Nonfiction: Memoir; Nonfiction: Cultural/Gender Focus; Nonfiction: Relationships

A Question of Identity

"Where do you come from?" is the first question of Mary Terzian's absorbing memoir of her journey from her native land of Egypt to the United States. The Immigrants' Daughter is a story about personal identity: of shifting cultural contexts within which a young woman must find, and finally create, herself.

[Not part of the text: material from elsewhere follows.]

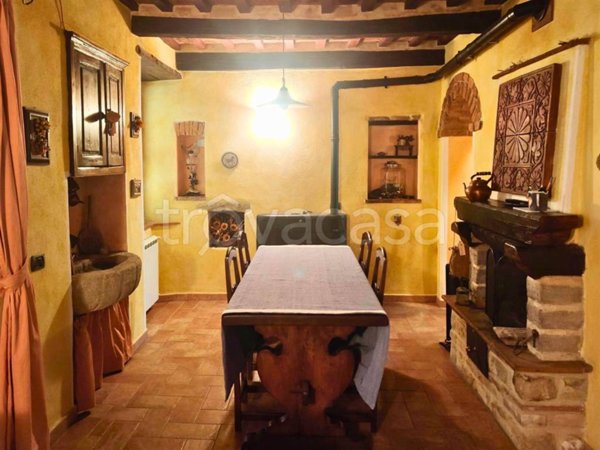 appartamento in vendita a Seggiano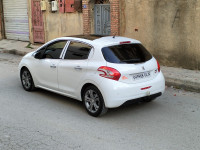 voitures-peugeot-208-2014-allure-bordj-bou-arreridj-algerie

Born to Armenian parents who survived Turkish genocide to settle in Egypt, Mary spends her childhood and teen years in Cairo. Her memories of those pre-war days are sharp and clear, rich in the distinctive sights and sounds and smells of bustling, cosmopolitan Cairo, with its crowded streets, colorful markets, and multi-ethnic crowds. The loss of her mother and her father's remarriage create enormous change for her, personal losses and challenges interwoven with the German invasion of Egypt. "Between Mama's death, World War II, and the insecurities of life, childhood slips away unnoticed," she writes, as she struggles to imagine something other than the conventional fates of wife and mother (or seamstress: her father's idea of an acceptable occupation) for which her traditional culture destines her.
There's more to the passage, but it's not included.